Einem Bauern läuft sein einziges Pferd, ein Hengst davon. „Welch ein Unglück!“ bedauern ihn seine Nachbarn. Doch nach ein paar Tagen kommt das Pferd zurück - zusammen mit einer ganzen Herde Stuten. Jetzt sind die Nachbarn begeistert: „Wie glücklich du doch bist!“ sagen sie: „Gott hat alles zum Guten gewendet.“ Als ein paar Tage später der Sohn des Bauern eins der Pferde zureiten möchte, fällt er herunter und bricht sich ein Bein. „Welch ein Unglück!“ heißt es jetzt wieder - allerdings nur so lange, bis ein Bote des Königs übers Land zieht und alle jungen Männer zum Kriegsdienst einzieht. Allein der Sohn des Bauern bleibt verschont - sein Bein ist ja gebrochen…

Die Geschichte könnte wahrscheinlich ewig so weiter gehen. Aus einem Schicksalsschlag wird etwas Gutes. Das verwandelt sich in den nächsten Schicksalsschlag und der wird wieder zum Glücksfall. Und immer so weiter.
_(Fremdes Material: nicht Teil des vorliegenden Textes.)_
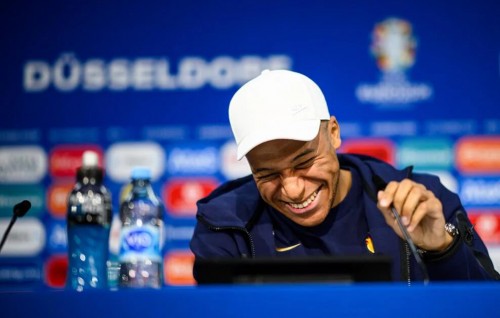 Mask gai kulhumakee varah bodu thakuleefeh: Mbappe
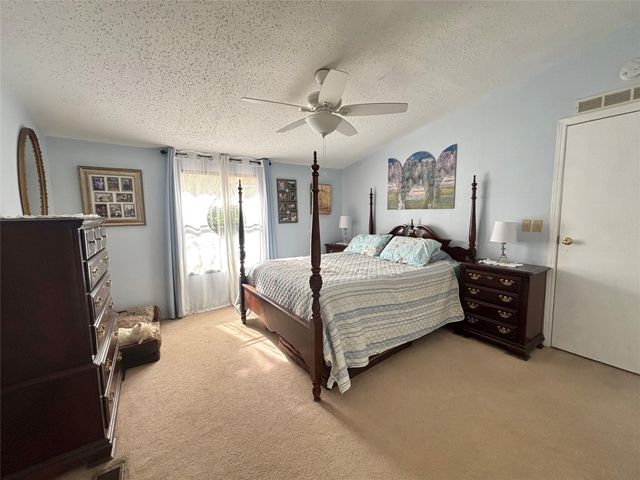 908 N Pitzer Street, Colmesneil, TX 75938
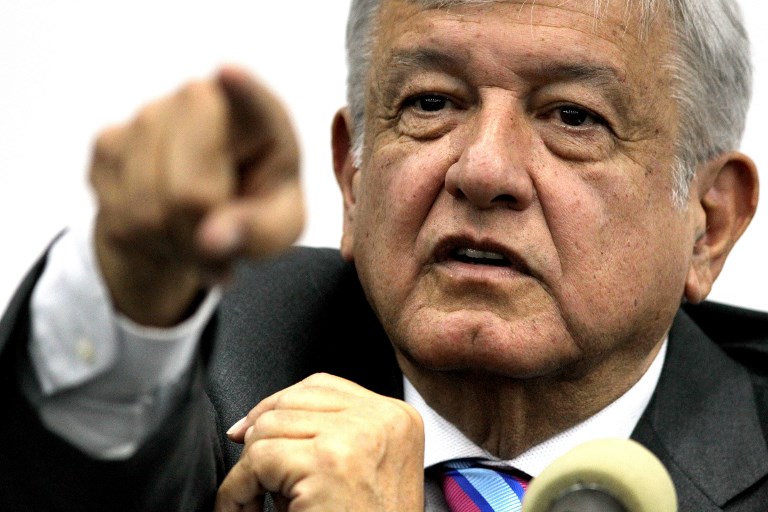 México inicia histórica alternancia con el izquierdista López Obrador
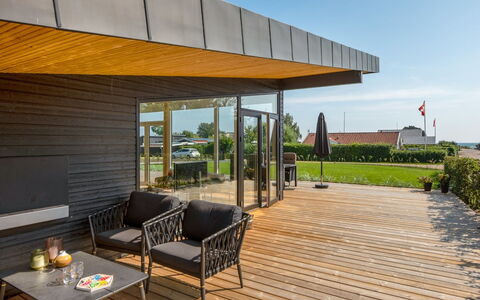 Sebbi - 90M from the Sea: Legna, Tetto, Architettura, Casa, Casa, Villetta, Raccordo, Latifoglie, Pendenza, Estate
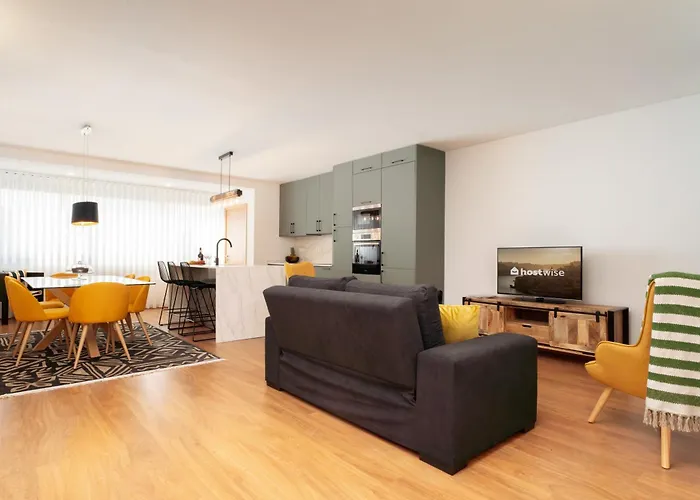 Sophisticated Modern Flat - Ace Location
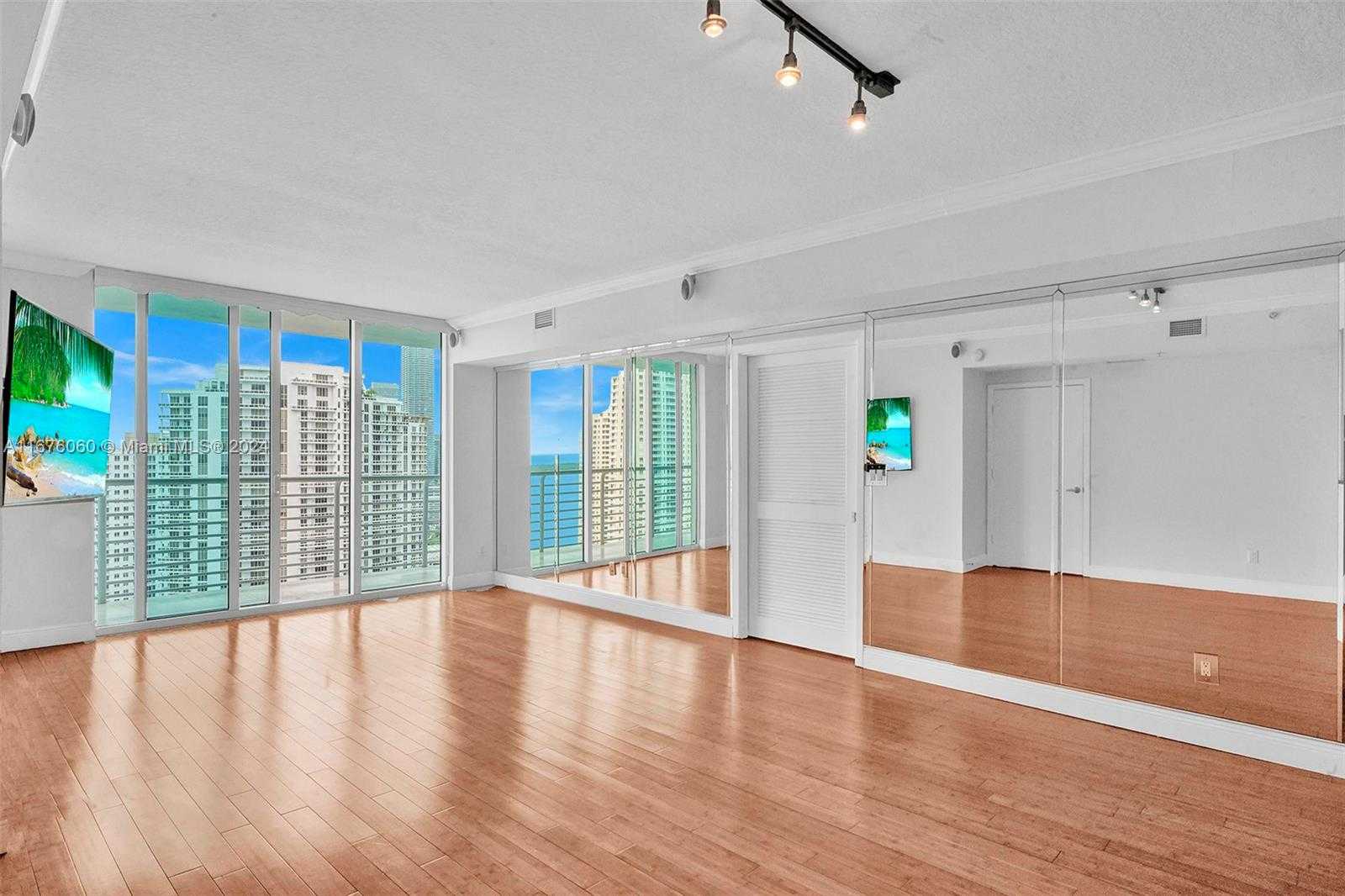 Small Image of 325 SOUTH BISCAYNE BLVD #3521, Miami Number 21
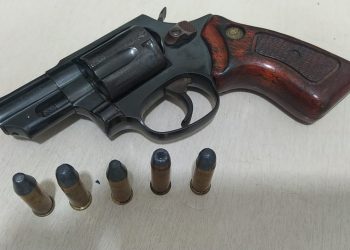 Homem armado é detido no Centro de Pedro Canário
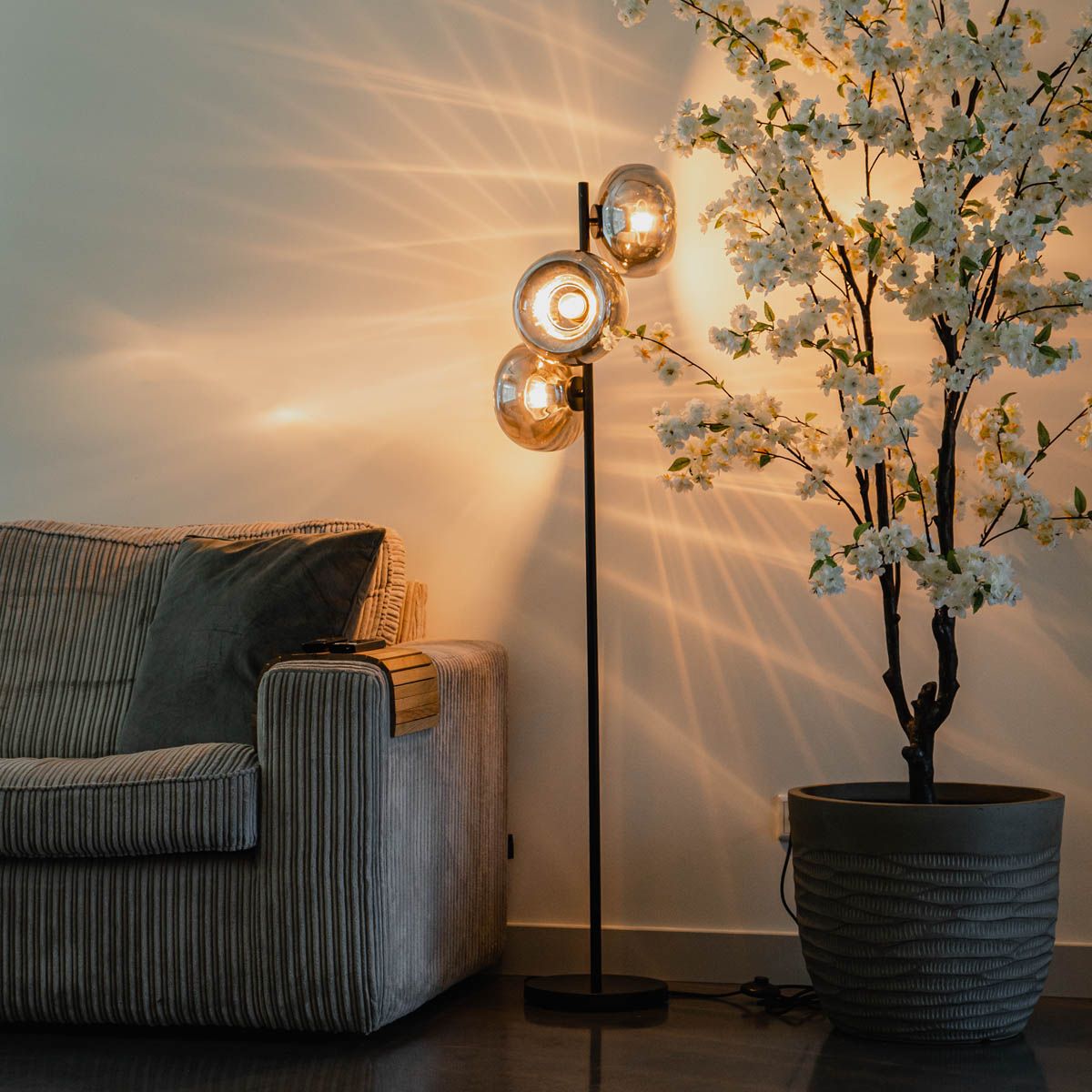 Art Deco vloerlamp zwart met smoke glas 3-lichts - Ayesha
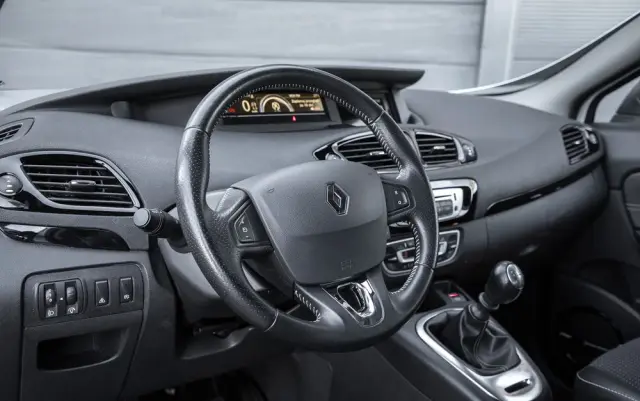 RENAULT Grand Scenic Energy TCe 130 S&S Bose Edition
Der Mensch denkt und Gott lenkt? Vorsehung? - Oder eben doch nur Zufall… Ich jedenfalls bin sehr vorsichtig damit geworden, von der Fügung Gottes zu sprechen. Besonders, wenn etwas Schlimmes passiert - ein Unfall, wenn jemand krank wird oder den Job verliert. Ich bin dann lieber still anstatt zu mutmaßen, was daraus Gutes werden könnte.

Wenn ein unvorhergesehenes Ereignis die Lebenspläne über den Haufen schmeißt, dann bleibt eigentlich nichts andres übrig als zu sagen: „Es ist, wie es ist“. Wichtig ist nur noch die Frage: „Wie gehe ich damit um?“ Welche Richtung schlagen meine Pläne und meine Gedanken jetzt ein?
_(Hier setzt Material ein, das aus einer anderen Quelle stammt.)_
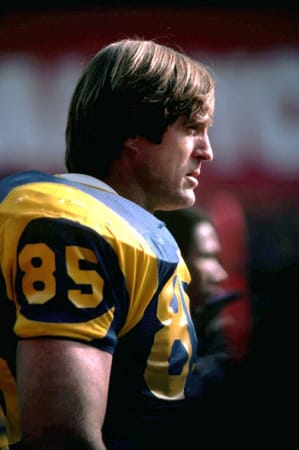 Football-Spieler Jack Youngblood von den St. Louis Rams spielt die NFL-Playoffs 1979 inklusive des Super Bowls mit einem gebrochenen Wadenbein durch. Der "John Wayne des Footballs" wird auch dafür in die NFL-Top-Ten der mutigsten Auftritte aller Zeiten gewählt.
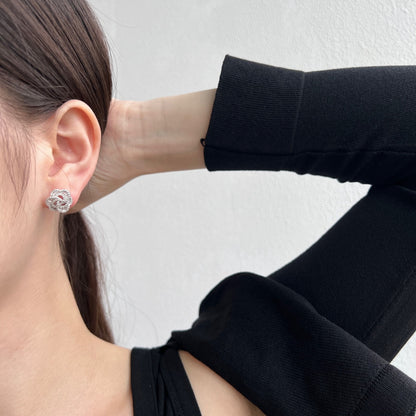 [Love Aura]Exquisite Flower Shape Daily Earrings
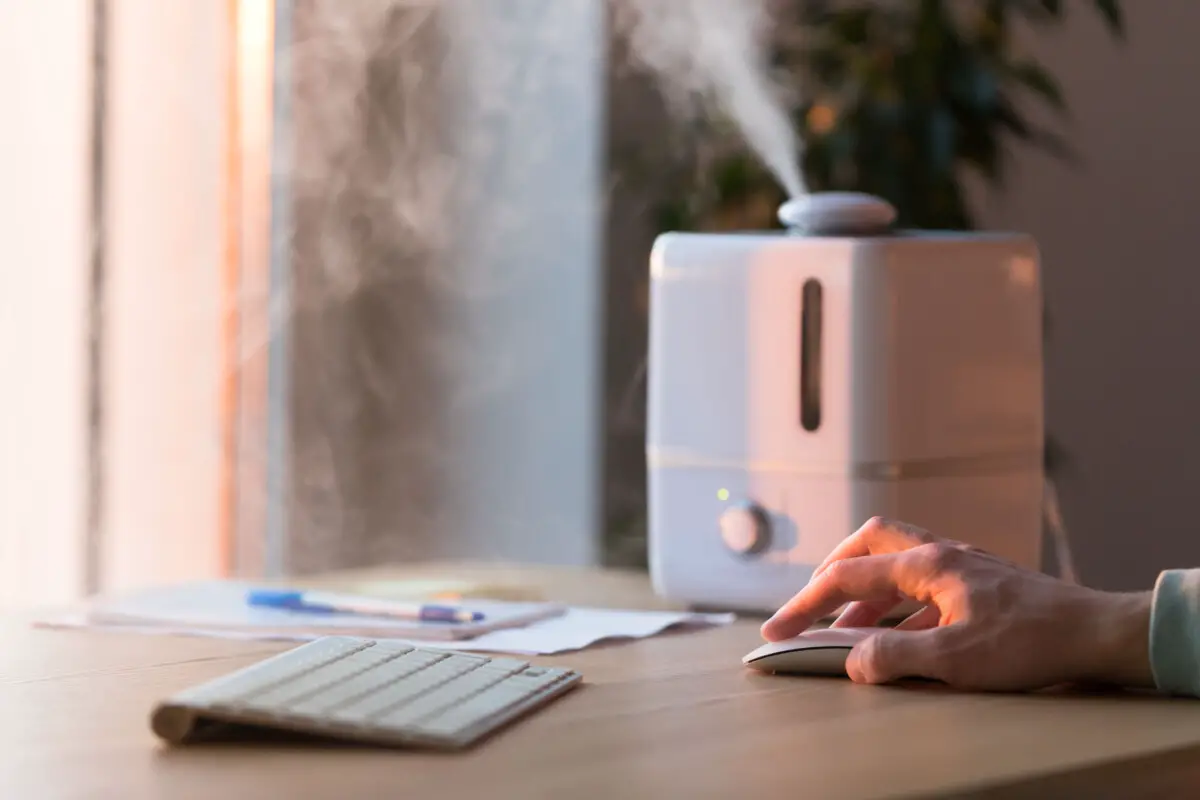 Do Humidifiers Affect Electronics – Optimal Operating Humidity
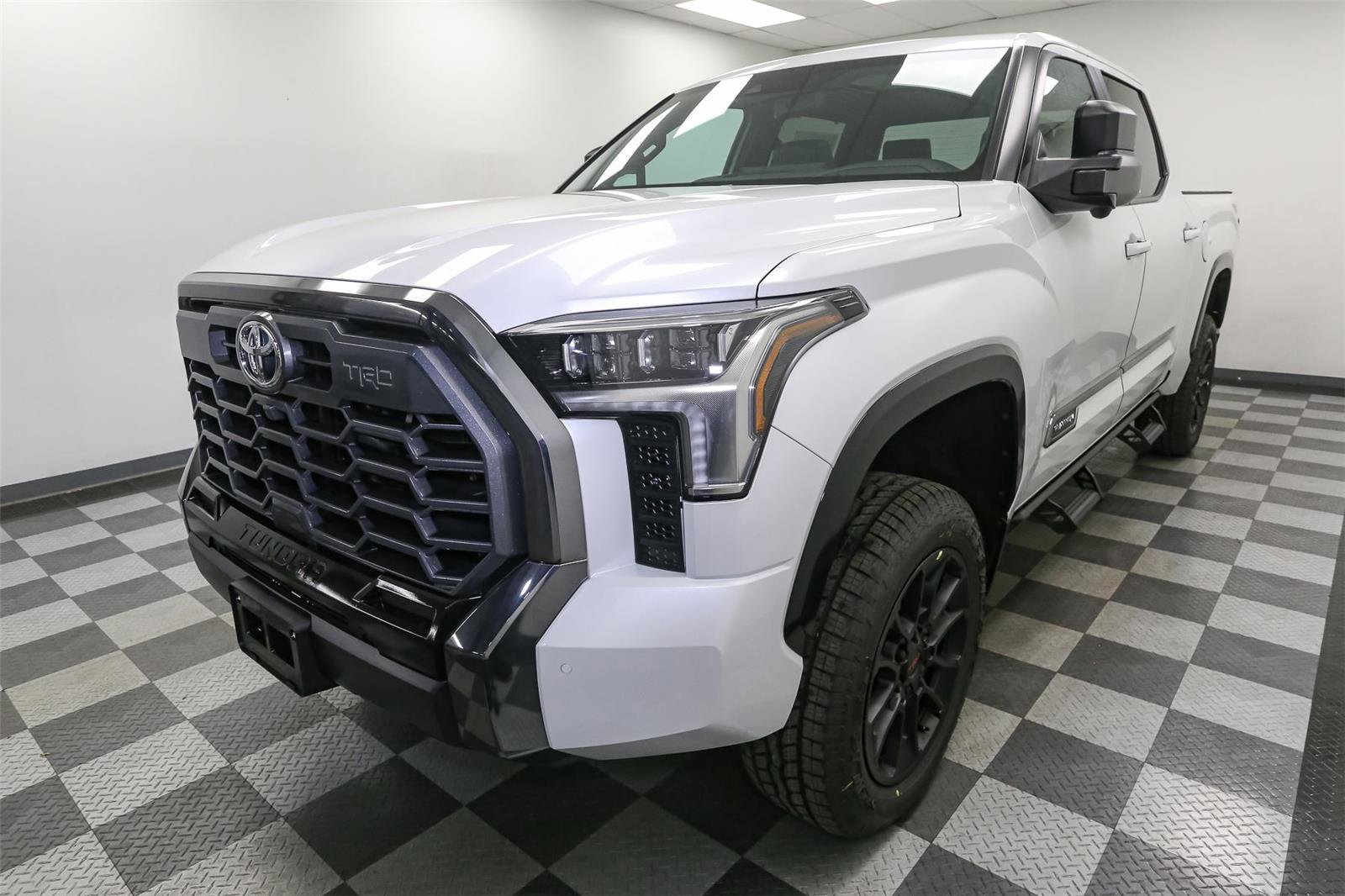 New 2026 Toyota Tundra Platinum image 4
Der Spruch hat eben doch seine Berechtigung: Der Mensch denkt, und Gott lenkt - er lenkt meine Pläne und Gedanken in seine Richtung - das hoffe ich! Nichts im Leben ist sicher. Sicher ist nur, dass Gott mich nicht verlässt. Im Chaos ist er der Orientierungspunkt, mein Wegweiser. Gott lenkt mein Leben - immer wieder neu in seine Richtung.